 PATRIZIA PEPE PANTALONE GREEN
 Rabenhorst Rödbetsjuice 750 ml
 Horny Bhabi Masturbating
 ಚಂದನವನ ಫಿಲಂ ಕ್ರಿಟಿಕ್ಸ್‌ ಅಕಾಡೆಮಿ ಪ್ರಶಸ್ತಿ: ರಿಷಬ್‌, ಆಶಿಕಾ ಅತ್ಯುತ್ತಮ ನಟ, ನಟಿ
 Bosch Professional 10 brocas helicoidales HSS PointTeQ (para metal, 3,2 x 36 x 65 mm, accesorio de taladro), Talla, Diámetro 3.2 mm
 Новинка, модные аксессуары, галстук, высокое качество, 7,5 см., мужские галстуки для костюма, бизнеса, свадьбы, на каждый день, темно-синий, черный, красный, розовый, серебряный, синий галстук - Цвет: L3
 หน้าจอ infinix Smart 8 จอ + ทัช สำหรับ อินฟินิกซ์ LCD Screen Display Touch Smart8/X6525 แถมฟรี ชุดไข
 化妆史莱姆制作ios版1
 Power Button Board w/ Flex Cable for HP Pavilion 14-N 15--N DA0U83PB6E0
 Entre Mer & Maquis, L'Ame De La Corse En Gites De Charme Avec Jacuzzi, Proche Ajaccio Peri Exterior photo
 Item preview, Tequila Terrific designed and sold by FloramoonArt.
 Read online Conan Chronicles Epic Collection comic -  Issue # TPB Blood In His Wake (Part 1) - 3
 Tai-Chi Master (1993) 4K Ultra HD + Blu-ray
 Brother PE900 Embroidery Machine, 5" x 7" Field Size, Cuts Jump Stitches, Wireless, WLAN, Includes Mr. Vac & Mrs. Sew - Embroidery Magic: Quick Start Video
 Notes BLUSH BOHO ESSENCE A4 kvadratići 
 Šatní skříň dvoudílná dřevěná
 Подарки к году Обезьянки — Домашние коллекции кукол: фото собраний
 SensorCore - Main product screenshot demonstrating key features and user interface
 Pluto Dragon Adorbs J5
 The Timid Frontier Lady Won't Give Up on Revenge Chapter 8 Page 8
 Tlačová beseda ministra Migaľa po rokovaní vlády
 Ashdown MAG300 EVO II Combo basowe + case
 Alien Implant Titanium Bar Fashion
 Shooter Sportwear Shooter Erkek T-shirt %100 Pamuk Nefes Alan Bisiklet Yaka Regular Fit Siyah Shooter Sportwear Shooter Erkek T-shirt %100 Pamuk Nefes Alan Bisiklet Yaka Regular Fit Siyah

• Task brief: A word-for-word copy of the data is the expected answer.

• Finished task:
 PATRIZIA PEPE PANTALONE GREEN
 Rabenhorst Rödbetsjuice 750 ml
 Horny Bhabi Masturbating
 ಚಂದನವನ ಫಿಲಂ ಕ್ರಿಟಿಕ್ಸ್‌ ಅಕಾಡೆಮಿ ಪ್ರಶಸ್ತಿ: ರಿಷಬ್‌, ಆಶಿಕಾ ಅತ್ಯುತ್ತಮ ನಟ, ನಟಿ
 Bosch Professional 10 brocas helicoidales HSS PointTeQ (para metal, 3,2 x 36 x 65 mm, accesorio de taladro), Talla, Diámetro 3.2 mm
 Новинка, модные аксессуары, галстук, высокое качество, 7,5 см., мужские галстуки для костюма, бизнеса, свадьбы, на каждый день, темно-синий, черный, красный, розовый, серебряный, синий галстук - Цвет: L3
 หน้าจอ infinix Smart 8 จอ + ทัช สำหรับ อินฟินิกซ์ LCD Screen Display Touch Smart8/X6525 แถมฟรี ชุดไข
 化妆史莱姆制作ios版1
 Power Button Board w/ Flex Cable for HP Pavilion 14-N 15--N DA0U83PB6E0
 Entre Mer & Maquis, L'Ame De La Corse En Gites De Charme Avec Jacuzzi, Proche Ajaccio Peri Exterior photo
 Item preview, Tequila Terrific designed and sold by FloramoonArt.
 Read online Conan Chronicles Epic Collection comic -  Issue # TPB Blood In His Wake (Part 1) - 3
 Tai-Chi Master (1993) 4K Ultra HD + Blu-ray
 Brother PE900 Embroidery Machine, 5" x 7" Field Size, Cuts Jump Stitches, Wireless, WLAN, Includes Mr. Vac & Mrs. Sew - Embroidery Magic: Quick Start Video
 Notes BLUSH BOHO ESSENCE A4 kvadratići 
 Šatní skříň dvoudílná dřevěná
 Подарки к году Обезьянки — Домашние коллекции кукол: фото собраний
 SensorCore - Main product screenshot demonstrating key features and user interface
 Pluto Dragon Adorbs J5
 The Timid Frontier Lady Won't Give Up on Revenge Chapter 8 Page 8
 Tlačová beseda ministra Migaľa po rokovaní vlády
 Ashdown MAG300 EVO II Combo basowe + case
 Alien Implant Titanium Bar Fashion
 Shooter Sportwear Shooter Erkek T-shirt %100 Pamuk Nefes Alan Bisiklet Yaka Regular Fit Siyah Shooter Sportwear Shooter Erkek T-shirt %100 Pamuk Nefes Alan Bisiklet Yaka Regular Fit Siyah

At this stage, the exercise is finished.